The reason I am bringing this up is that I think attending a retail craft show is a form of entertainment too - and a good one, if you have to ask. Yes, people go to these events knowing they will probably buy our work, but craft shows are also a fun, exciting, interesting, and colorful form of entertainment for many. You don't have to like it, but you know it's true.

The next logical question that follows: if you are an artist at a craft show, what do you do to entertain all these people strolling by? How do you get them to pay attention to your booth?

Granted, we all think that our work is worth a trek across the Gobi desert (Ain't no mountain high enough...,) but if we find our booth surrounded by equal greatness to the left and right, then what makes us so special? In other words, what factors are at play for craft show success, or failure, other than booth location and the often-cited competition? Price of our wares? Yes, it’s a factor, but not the most important one.

Always cheerful and welcoming: Jennifer Merchant.

Especially in large shows like the ACC Baltimore, anything an artist can do to stand out, get recognized, and found again during the second walk-through is going to be the ticket. Experts on booth design and behavioral psychology wrote whole shelve-loads of books about how to accomplish this and it’s an often talked-about topic in professional development forums. All the experts agree: you only have a few seconds to leave a good impression. If your booth fails to pique interest within that short time frame, customers will move on to seek more exciting scenarios no matter how awe-inspiring and technically skilled your work is!
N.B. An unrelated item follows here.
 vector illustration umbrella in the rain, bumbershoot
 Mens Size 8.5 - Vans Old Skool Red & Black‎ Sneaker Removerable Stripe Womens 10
Looking back at your own experience eagerly walking into certain craft booths while passing over others, what was it that drew you in? Can you name anything other than the work on display? (Not a rhetorical question. If you can describe an attractive booth I’d love to hear about it in the comment segment below this post. Thank you.)

Good to see an old friend from the 'burgh: Alison Hilton Jones. What was the first thing you saw in this image? Yup, me too.

Many artists use black or white drapery as their booth walls because it conveniently comes with the package provided by the show organizer. There’s nothing wrong with using that drapery. I absolutely understand efficiency and not wanting to schlep something with you that’s not sorely needed, but how about adding a little of your charming artistic individuality to that drapery to make it stand out from the other booths? Have it be more interesting to look at than plain white or black?

Some artists at the ACC show added a dot of color to their backdrop (see the above image, Alison Hilton Jones) and it made an immediate, positive difference. A panel of colorful fabric or paper is eye-catching, does not weigh much, and is easy to come by. Most artists had a big picture of their work or their name in huge letters at the back of their booth wall. Both are good things to do, but they’re not exactly exciting new ideas. The question is, what else can you do to enhance your customers’ experience, to set yourself apart from all the other hundreds of booths people plan to look at?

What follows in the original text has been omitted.